Problem to work on – Return all of the data exactly, with nothing left out but the pictures.

Data extracted from a collection –
Segment Open

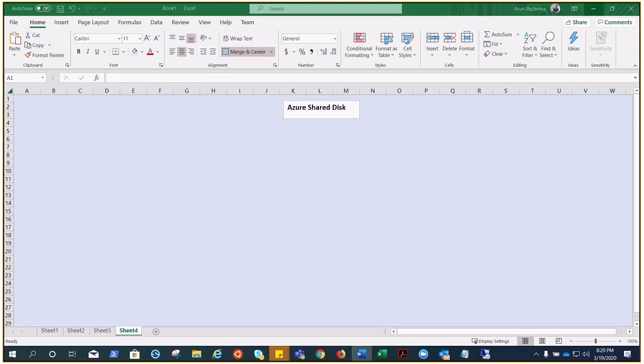Hello everyone, today I'm excited to talk about Azure Shared Disk, which is something absolutely new in Azure and currently in preview. To use this feature you need to register for the preview. My name is Aaron, and Azure Shared Disk is a feature for Azure managed disks that enables you to attach a managed disk to multiple virtual machines simultaneously.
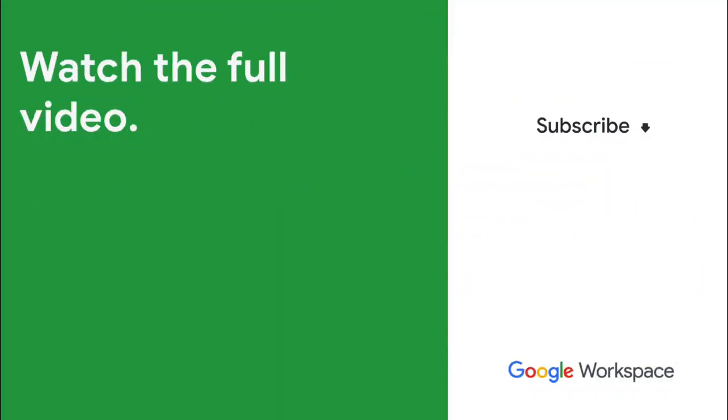Subscribe to this YouTube channel and hit the notification bell so that you don't miss out on any of our upcoming videos about Google Workspace development and AppSheet.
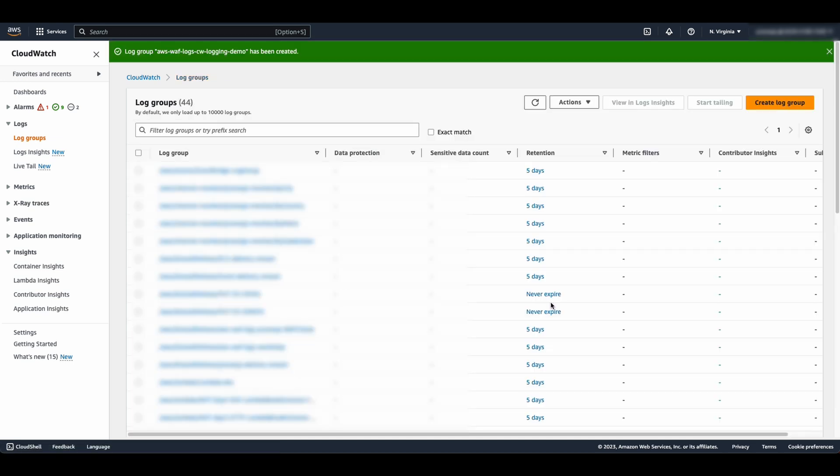Navigate to the AWS WAF console and select Web ACLs, then select the region containing your WAF resource.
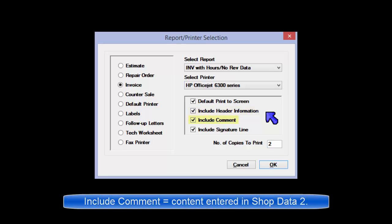Include Comment: Includes comment beneath order totals portion of the report just above disclaimer. Comment is entered in the Shop Data 2 panel of Shop Data Setup.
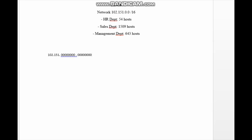Next, we identify which is the largest subnetwork required. The sales department needs 1509 hosts, making it the largest LAN. To create our subnetworks, we need to borrow bits from the host bits. We need to figure out how many bits are required to accommodate 1509 hosts. Using three host bits gives us only 2³ − 2 = 6 usable addresses, so we need around 11 host bits to accommodate 1509 hosts.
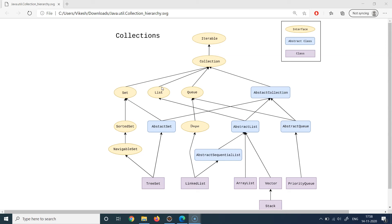We can call List an indexed, ordered collection which can hold duplicates. The third one is Queue, which is inspired from the real world. Think of any queue — at a grocery store, a railway station ticket counter, or an airport check-in counter. The concept of Queue is First In, First Out: the person who first enters the queue is the first one served and coming out. If you need to implement that kind of behavior in a Java program, you would use Queues.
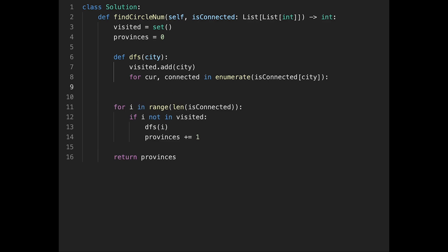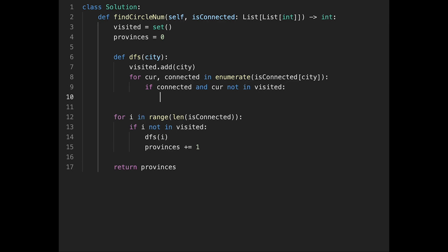After the enumerate loop, we check two conditions: if connected equals 1 (the value is 1), and that current_city is not in visited. In that case, we recurse — call depth-first search on current_city. This means current_city is a new city we haven't visited yet but it's part of the current province, so we add it to visited via the recursive depth-first search call.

Segment Closed

Output for this task –
Hello everyone, today I'm excited to talk about Azure Shared Disk, which is something absolutely new in Azure and currently in preview. To use this feature you need to register for the preview. My name is Aaron, and Azure Shared Disk is a feature for Azure managed disks that enables you to attach a managed disk to multiple virtual machines simultaneously.
Subscribe to this YouTube channel and hit the notification bell so that you don't miss out on any of our upcoming videos about Google Workspace development and AppSheet.
Navigate to the AWS WAF console and select Web ACLs, then select the region containing your WAF resource.
Include Comment: Includes comment beneath order totals portion of the report just above disclaimer. Comment is entered in the Shop Data 2 panel of Shop Data Setup.
Next, we identify which is the largest subnetwork required. The sales department needs 1509 hosts, making it the largest LAN. To create our subnetworks, we need to borrow bits from the host bits. We need to figure out how many bits are required to accommodate 1509 hosts. Using three host bits gives us only 2³ − 2 = 6 usable addresses, so we need around 11 host bits to accommodate 1509 hosts.
We can call List an indexed, ordered collection which can hold duplicates. The third one is Queue, which is inspired from the real world. Think of any queue — at a grocery store, a railway station ticket counter, or an airport check-in counter. The concept of Queue is First In, First Out: the person who first enters the queue is the first one served and coming out. If you need to implement that kind of behavior in a Java program, you would use Queues.
After the enumerate loop, we check two conditions: if connected equals 1 (the value is 1), and that current_city is not in visited. In that case, we recurse — call depth-first search on current_city. This means current_city is a new city we haven't visited yet but it's part of the current province, so we add it to visited via the recursive depth-first search call.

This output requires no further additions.